Your instructions:
Quote exactly and only this range of lines in the data below: the line that holds "The characteristic GC-content" to the line that holds "Vital Essentials Freeze", both included.

Dataset excerpts:
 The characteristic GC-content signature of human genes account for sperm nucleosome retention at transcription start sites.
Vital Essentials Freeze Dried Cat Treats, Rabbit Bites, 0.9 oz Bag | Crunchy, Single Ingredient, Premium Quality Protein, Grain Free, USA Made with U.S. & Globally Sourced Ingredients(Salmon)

* * *

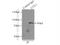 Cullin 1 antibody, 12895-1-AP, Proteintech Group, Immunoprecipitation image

Answer section:
 The characteristic GC-content signature of human genes account for sperm nucleosome retention at transcription start sites.
Vital Essentials Freeze Dried Cat Treats, Rabbit Bites, 0.9 oz Bag | Crunchy, Single Ingredient, Premium Quality Protein, Grain Free, USA Made with U.S. & Globally Sourced Ingredients(Salmon)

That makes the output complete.